First, extract features using HoG.
Use PCA to reduce the dimensionality of the features, and then optimize the parameters C and gamma using PSO. The purpose of dimensionality reduction is to speed up the PSO operation, otherwise it would be too slow, but the classification performance would be reduced.
Train an initial SVM model using the features obtained in the first step and the parameters obtained in the second step.
Optimize the SVM model using Hard Negative Mining.
Perform detection using sliding windows, and finally perform bounding box regression using NMS.

Currently, there are 2700 positive samples and 2700 negative samples. After optimizing the parameters using PSO, the classification accuracy of the trained model is 84%. The test set consists of 1200 negative samples and 700 positive samples.

However, the accuracy of the detection boxes is not high, and there are many false detections.

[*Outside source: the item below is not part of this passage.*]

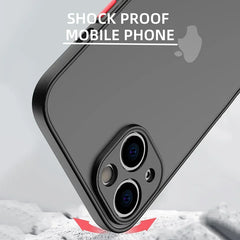 Stötsäkert Tunt Matt Fodral För iPhone 15 14 13 12 11 Pro Max XR XS X 8 Plus Mini Silikon Bumper Clear Hard PC Skyddsfodral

------------[Updated on 2017.07.10]-------------------------------------------------------------------------------------------

I made some modifications to the detection code and processed the dataset. The SVM model, after optimizing the parameters using PSO, has a test accuracy of around 85.6%. After performing HNM with a step size of 100 pixels, the accuracy of the model will be around 83%, but the number of false detections is greatly reduced. Later, I performed HNM again with a step size of 50 pixels, and the current model has achieved very good detection results with few false detections. Although the correct detections are not stable, they already meet the requirements. I used a step size of 100 pixels, and finally trained the SVM model with 39,000 features, with a model size of 116M. I used a step size of 50 pixels, and finally trained the SVM model with over 90,000 features, with a model size of 190M.

By the way, I extracted over 2900 features using HoG for each image. When doing PSO, I used to reduce the dimensionality to 500 using PCA. In order to pursue better results, I later reduced the dimensionality to 2000 for PSO. Although it is much slower, the effect is slightly better.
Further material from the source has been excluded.